#### Available data

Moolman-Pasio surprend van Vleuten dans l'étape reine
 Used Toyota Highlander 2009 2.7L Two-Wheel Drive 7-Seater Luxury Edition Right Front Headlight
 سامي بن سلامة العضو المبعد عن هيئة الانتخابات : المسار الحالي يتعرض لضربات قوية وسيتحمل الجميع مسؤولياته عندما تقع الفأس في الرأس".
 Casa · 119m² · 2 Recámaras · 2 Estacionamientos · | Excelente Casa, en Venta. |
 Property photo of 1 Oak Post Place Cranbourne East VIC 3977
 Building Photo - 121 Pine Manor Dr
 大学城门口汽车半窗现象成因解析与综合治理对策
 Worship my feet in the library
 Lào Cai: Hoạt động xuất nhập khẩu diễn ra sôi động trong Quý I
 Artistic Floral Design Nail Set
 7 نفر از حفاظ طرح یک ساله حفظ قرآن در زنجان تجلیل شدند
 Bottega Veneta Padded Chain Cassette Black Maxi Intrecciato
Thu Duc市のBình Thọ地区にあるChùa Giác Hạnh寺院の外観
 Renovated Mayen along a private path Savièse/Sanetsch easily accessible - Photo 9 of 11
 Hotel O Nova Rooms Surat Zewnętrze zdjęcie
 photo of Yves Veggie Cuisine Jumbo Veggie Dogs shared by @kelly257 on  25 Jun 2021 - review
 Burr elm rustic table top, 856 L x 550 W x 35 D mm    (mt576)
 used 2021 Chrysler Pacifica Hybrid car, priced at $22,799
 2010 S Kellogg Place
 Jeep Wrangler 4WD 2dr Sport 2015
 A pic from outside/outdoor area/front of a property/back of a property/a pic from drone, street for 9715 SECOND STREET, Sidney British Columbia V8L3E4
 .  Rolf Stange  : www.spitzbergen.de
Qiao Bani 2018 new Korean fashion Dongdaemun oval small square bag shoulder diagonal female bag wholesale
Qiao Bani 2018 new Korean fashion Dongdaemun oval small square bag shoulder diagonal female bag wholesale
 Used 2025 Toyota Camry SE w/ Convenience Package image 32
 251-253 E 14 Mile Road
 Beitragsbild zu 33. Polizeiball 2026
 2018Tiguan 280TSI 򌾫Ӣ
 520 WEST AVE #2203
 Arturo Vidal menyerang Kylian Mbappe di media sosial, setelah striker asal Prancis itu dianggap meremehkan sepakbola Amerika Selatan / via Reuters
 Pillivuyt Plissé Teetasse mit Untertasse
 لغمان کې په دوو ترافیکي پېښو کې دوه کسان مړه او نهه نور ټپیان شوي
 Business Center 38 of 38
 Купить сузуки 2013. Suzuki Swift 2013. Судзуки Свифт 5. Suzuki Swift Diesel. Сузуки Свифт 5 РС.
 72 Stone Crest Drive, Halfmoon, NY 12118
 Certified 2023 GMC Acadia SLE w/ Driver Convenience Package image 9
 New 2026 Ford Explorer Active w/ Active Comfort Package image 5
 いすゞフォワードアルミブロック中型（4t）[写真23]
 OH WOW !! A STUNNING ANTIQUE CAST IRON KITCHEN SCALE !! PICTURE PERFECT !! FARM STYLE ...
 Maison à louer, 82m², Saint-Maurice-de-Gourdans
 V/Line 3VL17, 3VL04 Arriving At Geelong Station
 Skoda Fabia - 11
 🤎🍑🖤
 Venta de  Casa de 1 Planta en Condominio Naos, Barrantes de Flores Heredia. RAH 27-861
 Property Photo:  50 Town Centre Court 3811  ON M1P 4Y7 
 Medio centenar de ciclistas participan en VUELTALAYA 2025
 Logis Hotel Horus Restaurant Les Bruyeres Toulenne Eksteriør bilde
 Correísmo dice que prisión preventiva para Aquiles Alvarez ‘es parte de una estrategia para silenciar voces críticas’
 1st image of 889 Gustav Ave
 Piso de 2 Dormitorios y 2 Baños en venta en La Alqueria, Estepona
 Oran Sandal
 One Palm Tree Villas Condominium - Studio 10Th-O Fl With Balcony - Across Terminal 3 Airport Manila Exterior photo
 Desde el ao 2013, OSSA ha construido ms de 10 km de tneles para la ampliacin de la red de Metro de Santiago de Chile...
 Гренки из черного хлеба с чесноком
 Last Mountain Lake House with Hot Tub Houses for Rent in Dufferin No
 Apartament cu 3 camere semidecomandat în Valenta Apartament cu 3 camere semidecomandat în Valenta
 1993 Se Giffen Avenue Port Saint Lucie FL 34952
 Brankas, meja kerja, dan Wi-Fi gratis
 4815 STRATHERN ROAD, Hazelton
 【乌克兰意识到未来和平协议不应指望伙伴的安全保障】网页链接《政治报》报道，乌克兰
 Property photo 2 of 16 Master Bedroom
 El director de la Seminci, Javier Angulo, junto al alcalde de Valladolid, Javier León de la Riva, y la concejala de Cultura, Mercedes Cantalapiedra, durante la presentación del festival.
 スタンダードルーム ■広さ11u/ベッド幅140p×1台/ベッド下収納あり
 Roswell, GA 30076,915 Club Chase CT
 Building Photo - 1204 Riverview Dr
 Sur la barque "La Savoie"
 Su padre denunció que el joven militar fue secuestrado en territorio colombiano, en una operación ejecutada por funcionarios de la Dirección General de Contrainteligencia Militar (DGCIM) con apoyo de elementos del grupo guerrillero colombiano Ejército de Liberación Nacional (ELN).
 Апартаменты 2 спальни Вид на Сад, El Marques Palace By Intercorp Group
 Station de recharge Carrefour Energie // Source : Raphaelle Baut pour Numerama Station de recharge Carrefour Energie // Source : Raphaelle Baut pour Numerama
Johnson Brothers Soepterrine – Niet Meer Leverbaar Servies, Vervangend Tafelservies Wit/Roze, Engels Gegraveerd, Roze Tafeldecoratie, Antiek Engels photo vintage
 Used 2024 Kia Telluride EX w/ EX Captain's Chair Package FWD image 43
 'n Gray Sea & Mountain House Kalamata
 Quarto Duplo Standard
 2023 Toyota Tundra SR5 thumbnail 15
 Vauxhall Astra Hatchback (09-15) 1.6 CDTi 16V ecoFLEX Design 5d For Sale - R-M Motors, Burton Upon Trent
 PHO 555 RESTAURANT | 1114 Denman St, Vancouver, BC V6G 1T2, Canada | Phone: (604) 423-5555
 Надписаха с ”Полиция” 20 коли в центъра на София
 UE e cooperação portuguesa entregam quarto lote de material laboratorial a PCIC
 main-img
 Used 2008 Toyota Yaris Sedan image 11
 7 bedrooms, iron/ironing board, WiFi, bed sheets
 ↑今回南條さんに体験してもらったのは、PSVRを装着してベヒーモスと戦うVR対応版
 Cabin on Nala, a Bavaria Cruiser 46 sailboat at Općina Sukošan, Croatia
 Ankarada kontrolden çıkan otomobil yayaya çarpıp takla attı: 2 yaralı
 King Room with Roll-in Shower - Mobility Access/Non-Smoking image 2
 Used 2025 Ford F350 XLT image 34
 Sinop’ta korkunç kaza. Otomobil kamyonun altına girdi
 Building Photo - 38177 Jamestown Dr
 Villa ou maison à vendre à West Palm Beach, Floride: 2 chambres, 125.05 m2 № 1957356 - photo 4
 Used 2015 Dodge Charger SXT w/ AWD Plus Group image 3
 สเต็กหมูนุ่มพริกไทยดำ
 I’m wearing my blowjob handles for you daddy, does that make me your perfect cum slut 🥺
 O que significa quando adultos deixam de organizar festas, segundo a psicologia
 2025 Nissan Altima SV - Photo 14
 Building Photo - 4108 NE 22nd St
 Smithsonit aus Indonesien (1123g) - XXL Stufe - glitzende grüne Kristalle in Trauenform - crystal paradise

########

*Task brief*
Show the data once more, exactly as it was written.

*Reply to the exercise*
Moolman-Pasio surprend van Vleuten dans l'étape reine
 Used Toyota Highlander 2009 2.7L Two-Wheel Drive 7-Seater Luxury Edition Right Front Headlight
 سامي بن سلامة العضو المبعد عن هيئة الانتخابات : المسار الحالي يتعرض لضربات قوية وسيتحمل الجميع مسؤولياته عندما تقع الفأس في الرأس".
 Casa · 119m² · 2 Recámaras · 2 Estacionamientos · | Excelente Casa, en Venta. |
 Property photo of 1 Oak Post Place Cranbourne East VIC 3977
 Building Photo - 121 Pine Manor Dr
 大学城门口汽车半窗现象成因解析与综合治理对策
 Worship my feet in the library
 Lào Cai: Hoạt động xuất nhập khẩu diễn ra sôi động trong Quý I
 Artistic Floral Design Nail Set
 7 نفر از حفاظ طرح یک ساله حفظ قرآن در زنجان تجلیل شدند
 Bottega Veneta Padded Chain Cassette Black Maxi Intrecciato
Thu Duc市のBình Thọ地区にあるChùa Giác Hạnh寺院の外観
 Renovated Mayen along a private path Savièse/Sanetsch easily accessible - Photo 9 of 11
 Hotel O Nova Rooms Surat Zewnętrze zdjęcie
 photo of Yves Veggie Cuisine Jumbo Veggie Dogs shared by @kelly257 on  25 Jun 2021 - review
 Burr elm rustic table top, 856 L x 550 W x 35 D mm    (mt576)
 used 2021 Chrysler Pacifica Hybrid car, priced at $22,799
 2010 S Kellogg Place
 Jeep Wrangler 4WD 2dr Sport 2015
 A pic from outside/outdoor area/front of a property/back of a property/a pic from drone, street for 9715 SECOND STREET, Sidney British Columbia V8L3E4
 .  Rolf Stange  : www.spitzbergen.de
Qiao Bani 2018 new Korean fashion Dongdaemun oval small square bag shoulder diagonal female bag wholesale
Qiao Bani 2018 new Korean fashion Dongdaemun oval small square bag shoulder diagonal female bag wholesale
 Used 2025 Toyota Camry SE w/ Convenience Package image 32
 251-253 E 14 Mile Road
 Beitragsbild zu 33. Polizeiball 2026
 2018Tiguan 280TSI 򌾫Ӣ
 520 WEST AVE #2203
 Arturo Vidal menyerang Kylian Mbappe di media sosial, setelah striker asal Prancis itu dianggap meremehkan sepakbola Amerika Selatan / via Reuters
 Pillivuyt Plissé Teetasse mit Untertasse
 لغمان کې په دوو ترافیکي پېښو کې دوه کسان مړه او نهه نور ټپیان شوي
 Business Center 38 of 38
 Купить сузуки 2013. Suzuki Swift 2013. Судзуки Свифт 5. Suzuki Swift Diesel. Сузуки Свифт 5 РС.
 72 Stone Crest Drive, Halfmoon, NY 12118
 Certified 2023 GMC Acadia SLE w/ Driver Convenience Package image 9
 New 2026 Ford Explorer Active w/ Active Comfort Package image 5
 いすゞフォワードアルミブロック中型（4t）[写真23]
 OH WOW !! A STUNNING ANTIQUE CAST IRON KITCHEN SCALE !! PICTURE PERFECT !! FARM STYLE ...
 Maison à louer, 82m², Saint-Maurice-de-Gourdans
 V/Line 3VL17, 3VL04 Arriving At Geelong Station
 Skoda Fabia - 11
 🤎🍑🖤
 Venta de  Casa de 1 Planta en Condominio Naos, Barrantes de Flores Heredia. RAH 27-861
 Property Photo:  50 Town Centre Court 3811  ON M1P 4Y7 
 Medio centenar de ciclistas participan en VUELTALAYA 2025
 Logis Hotel Horus Restaurant Les Bruyeres Toulenne Eksteriør bilde
 Correísmo dice que prisión preventiva para Aquiles Alvarez ‘es parte de una estrategia para silenciar voces críticas’
 1st image of 889 Gustav Ave
 Piso de 2 Dormitorios y 2 Baños en venta en La Alqueria, Estepona
 Oran Sandal
 One Palm Tree Villas Condominium - Studio 10Th-O Fl With Balcony - Across Terminal 3 Airport Manila Exterior photo
 Desde el ao 2013, OSSA ha construido ms de 10 km de tneles para la ampliacin de la red de Metro de Santiago de Chile...
 Гренки из черного хлеба с чесноком
 Last Mountain Lake House with Hot Tub Houses for Rent in Dufferin No
 Apartament cu 3 camere semidecomandat în Valenta Apartament cu 3 camere semidecomandat în Valenta
 1993 Se Giffen Avenue Port Saint Lucie FL 34952
 Brankas, meja kerja, dan Wi-Fi gratis
 4815 STRATHERN ROAD, Hazelton
 【乌克兰意识到未来和平协议不应指望伙伴的安全保障】网页链接《政治报》报道，乌克兰
 Property photo 2 of 16 Master Bedroom
 El director de la Seminci, Javier Angulo, junto al alcalde de Valladolid, Javier León de la Riva, y la concejala de Cultura, Mercedes Cantalapiedra, durante la presentación del festival.
 スタンダードルーム ■広さ11u/ベッド幅140p×1台/ベッド下収納あり
 Roswell, GA 30076,915 Club Chase CT
 Building Photo - 1204 Riverview Dr
 Sur la barque "La Savoie"
 Su padre denunció que el joven militar fue secuestrado en territorio colombiano, en una operación ejecutada por funcionarios de la Dirección General de Contrainteligencia Militar (DGCIM) con apoyo de elementos del grupo guerrillero colombiano Ejército de Liberación Nacional (ELN).
 Апартаменты 2 спальни Вид на Сад, El Marques Palace By Intercorp Group
 Station de recharge Carrefour Energie // Source : Raphaelle Baut pour Numerama Station de recharge Carrefour Energie // Source : Raphaelle Baut pour Numerama
Johnson Brothers Soepterrine – Niet Meer Leverbaar Servies, Vervangend Tafelservies Wit/Roze, Engels Gegraveerd, Roze Tafeldecoratie, Antiek Engels photo vintage
 Used 2024 Kia Telluride EX w/ EX Captain's Chair Package FWD image 43
 'n Gray Sea & Mountain House Kalamata
 Quarto Duplo Standard
 2023 Toyota Tundra SR5 thumbnail 15
 Vauxhall Astra Hatchback (09-15) 1.6 CDTi 16V ecoFLEX Design 5d For Sale - R-M Motors, Burton Upon Trent
 PHO 555 RESTAURANT | 1114 Denman St, Vancouver, BC V6G 1T2, Canada | Phone: (604) 423-5555
 Надписаха с ”Полиция” 20 коли в центъра на София
 UE e cooperação portuguesa entregam quarto lote de material laboratorial a PCIC
 main-img
 Used 2008 Toyota Yaris Sedan image 11
 7 bedrooms, iron/ironing board, WiFi, bed sheets
 ↑今回南條さんに体験してもらったのは、PSVRを装着してベヒーモスと戦うVR対応版
 Cabin on Nala, a Bavaria Cruiser 46 sailboat at Općina Sukošan, Croatia
 Ankarada kontrolden çıkan otomobil yayaya çarpıp takla attı: 2 yaralı
 King Room with Roll-in Shower - Mobility Access/Non-Smoking image 2
 Used 2025 Ford F350 XLT image 34
 Sinop’ta korkunç kaza. Otomobil kamyonun altına girdi
 Building Photo - 38177 Jamestown Dr
 Villa ou maison à vendre à West Palm Beach, Floride: 2 chambres, 125.05 m2 № 1957356 - photo 4
 Used 2015 Dodge Charger SXT w/ AWD Plus Group image 3
 สเต็กหมูนุ่มพริกไทยดำ
 I’m wearing my blowjob handles for you daddy, does that make me your perfect cum slut 🥺
 O que significa quando adultos deixam de organizar festas, segundo a psicologia
 2025 Nissan Altima SV - Photo 14
 Building Photo - 4108 NE 22nd St
 Smithsonit aus Indonesien (1123g) - XXL Stufe - glitzende grüne Kristalle in Trauenform - crystal paradise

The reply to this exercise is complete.